The recent announcement of the Apple Watch has raised the profile of smartwatches globally, and local governments are starting to come to terms with how the product category applies to existing smartphone laws.
In the case of Ontario, that means distracted driving, and various parts of the provincial government are attempting to figure out if glancing at a smartwatch while driving is the same as glancing at a smartphone. So far, the consensus is mixed.
“There’s nothing illegal about looking at your watch to see what time it is, but if you’re consumed by the functions of the watch [that’s different],” said OPP Sgt. Kerry Schmidt. “Whether or not (drivers) are holding it, that’s up to the judgment of the justice of the peace. This is going to take some time to really establish how we move forward and get some advice from prosecution lawyers as well.”

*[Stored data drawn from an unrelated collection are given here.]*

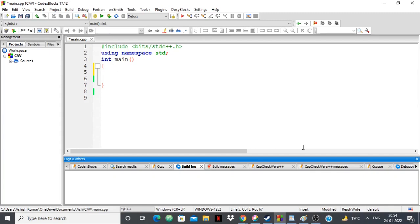Hello everyone. In this video I'm going to show you how to implement segment trees in C++. Segment trees are a very important data structure which are used extensively in computer programming and problem solving. I'm going to show you what segment trees are, where they're used, how to use them, and I'm also going to code the implementation of segment trees in C++. I'll also give a link to the code in the description so you can use it as a template.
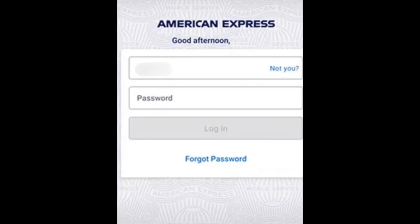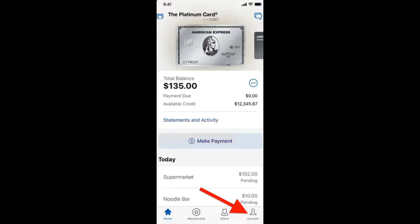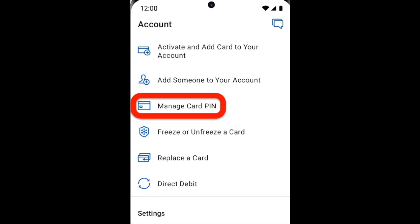We just need to look into the Amex app and then from the home page, click on Account. On the Account page, scroll down and try to find the option Manage Card Pin.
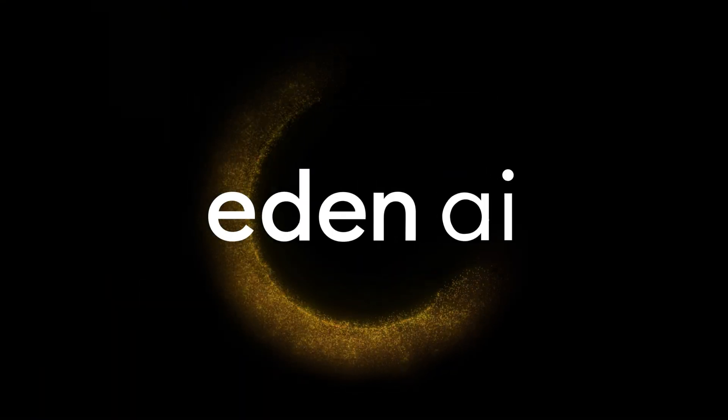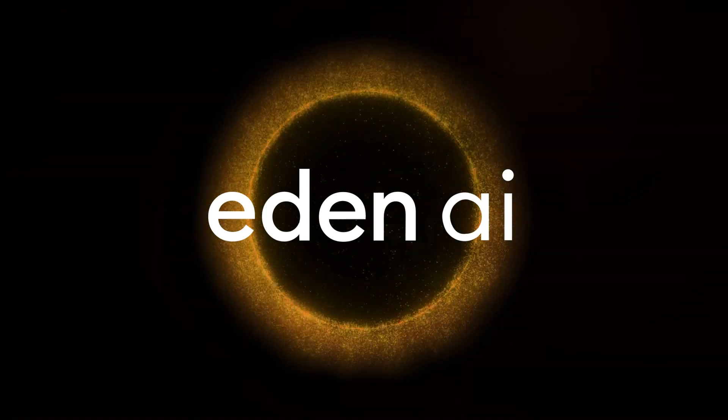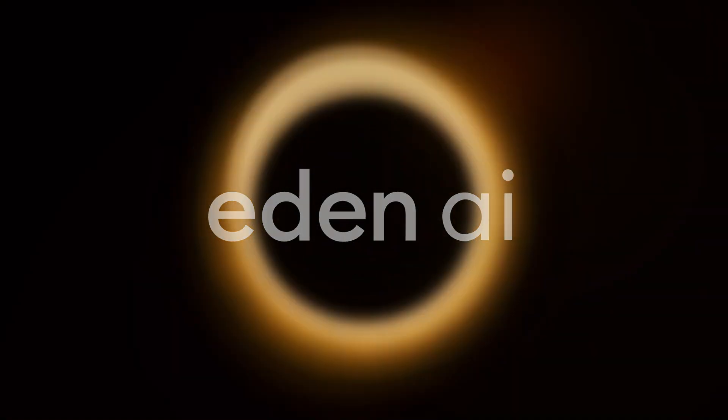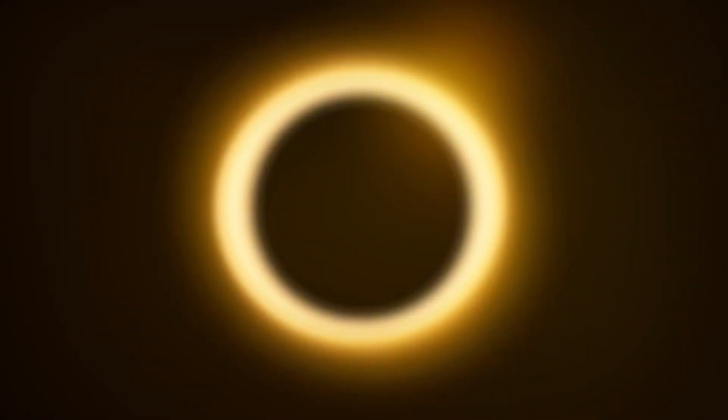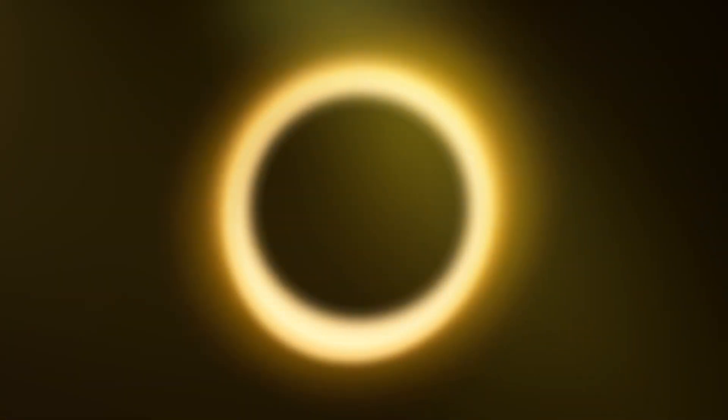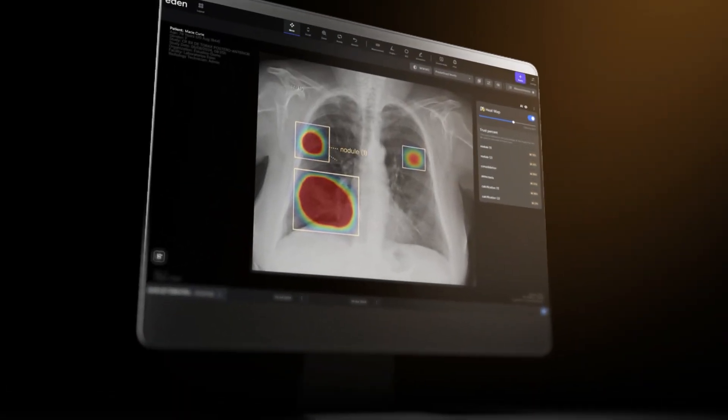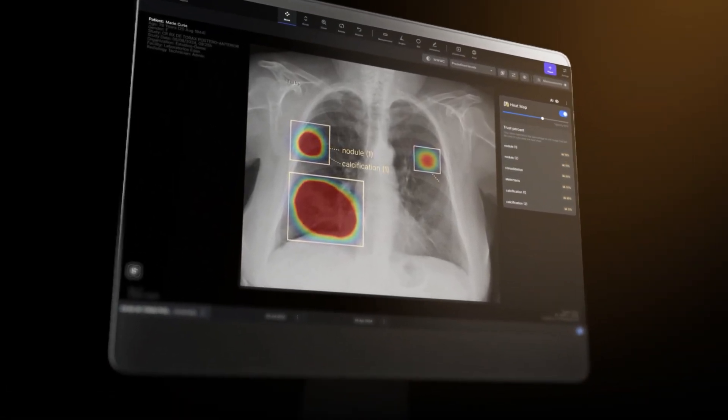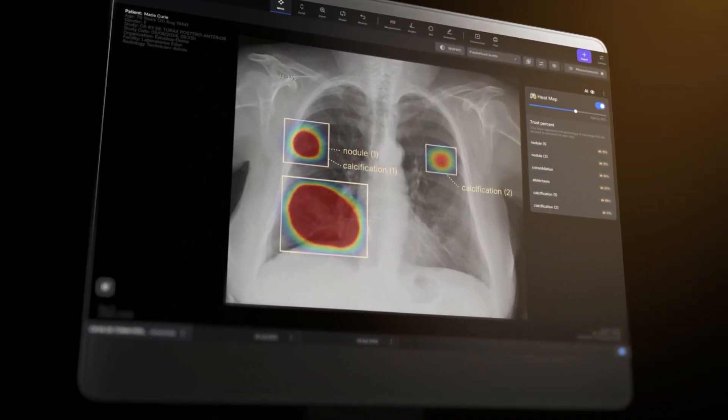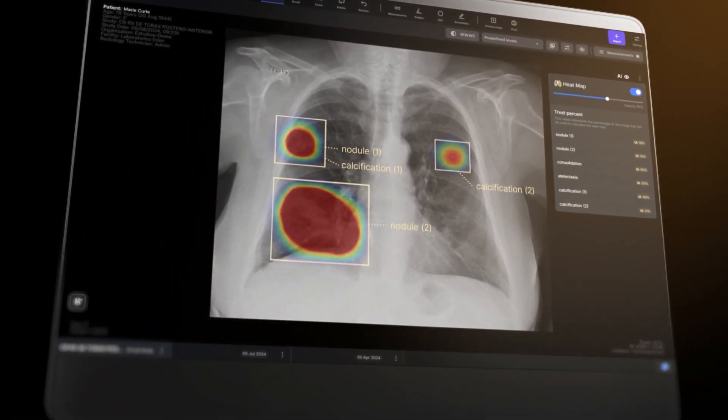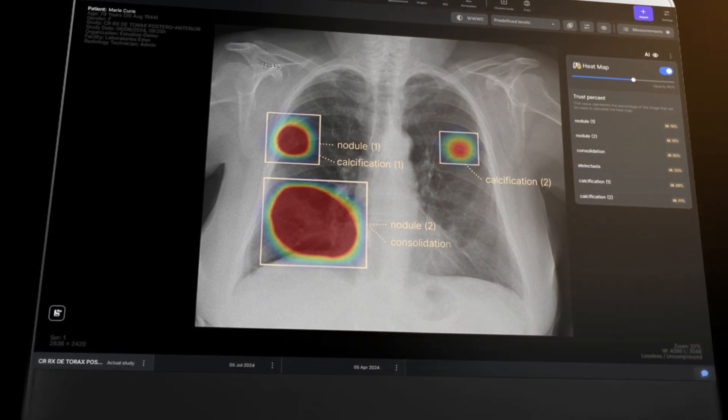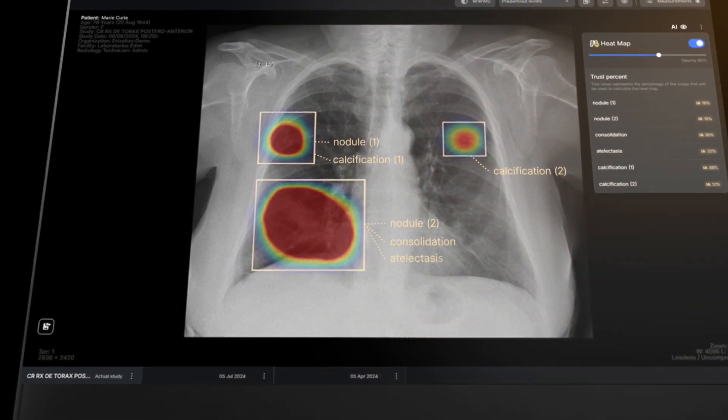Meet Eden AI Thorax, the first diagnostic artificial intelligence natively created within a PACS system, capable of detecting up to 10 types of thoracic findings, even before you begin interpretation.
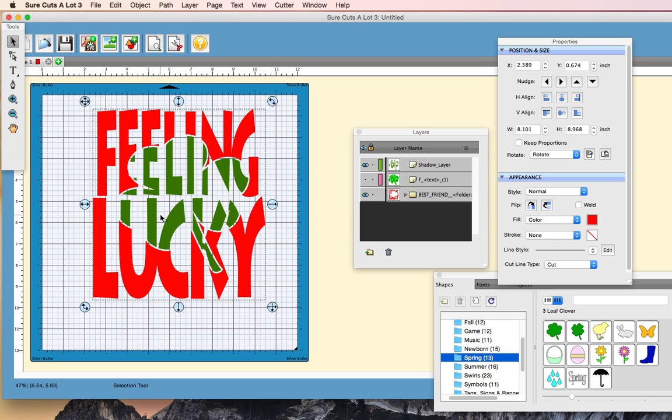So there you go. That's how you do the knockout effect in Sure Cuts Lot 3. So I hope you enjoyed this video. Feel free to leave comments or questions in the comment box down below, and we'll see you next time. Thanks for watching.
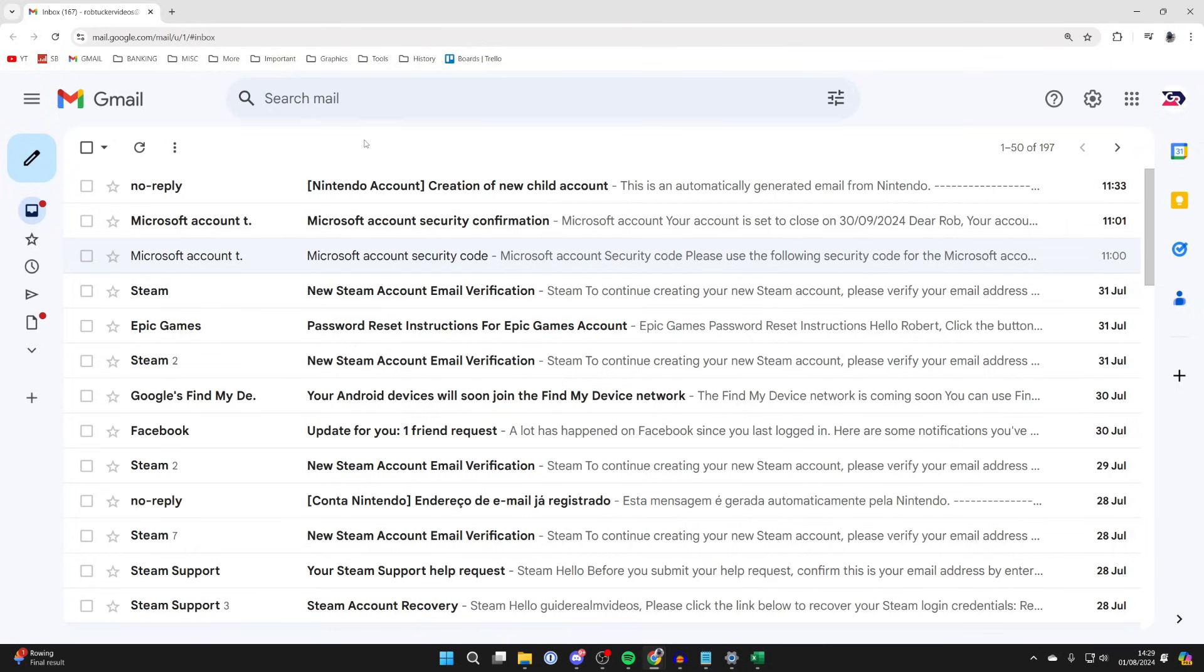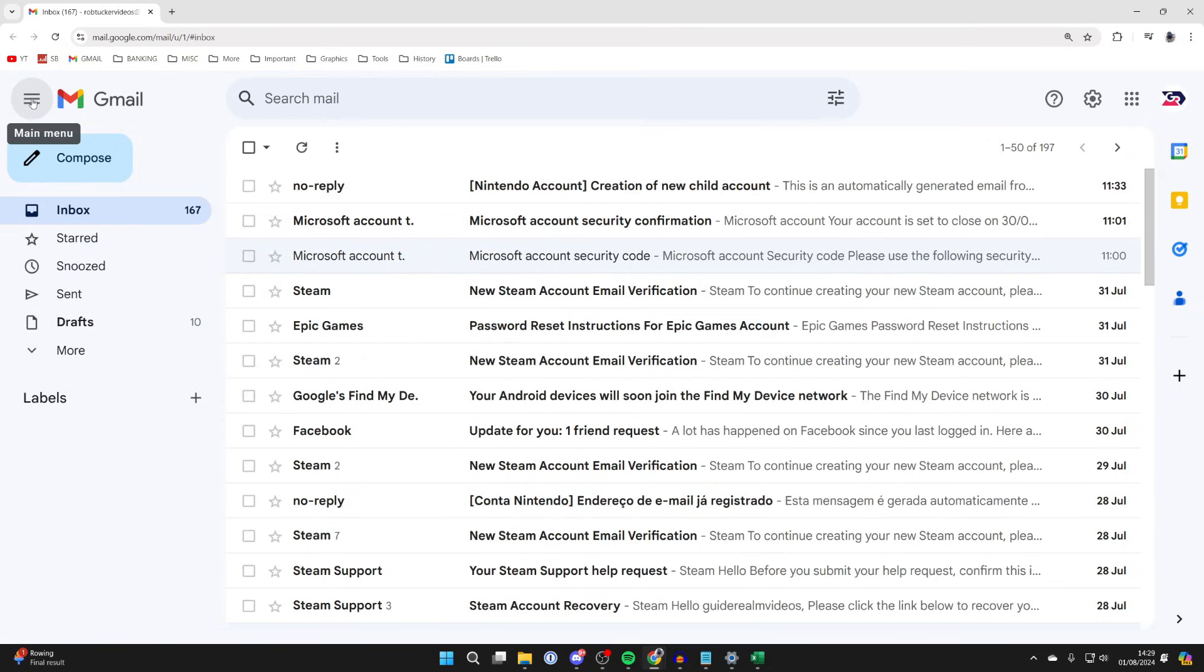First, make sure you're signed into your Google account and then come to Gmail. All you need to do is go to the top left of Gmail and click on the three lines to expand the options. You can then see the option for compose.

However, while the OPP believes that smartwatch distracted driving is a matter of jurisprudence, the Ontario Transportation Ministry is claiming that its up to police to interpret current law.
“Police interpret and enforce the Highway Traffic Act. It’s up to police to determine if a driver’s use of any electronic device while driving or stopped warrants any charge(s) being laid,” said Patrick Searle, Press Secretary for the transportation minister.
As this game of legal hot potato is likely to continue for some time, government officials might take solace in the knowledge that the Apple Watch’s release was delayed to early 2015.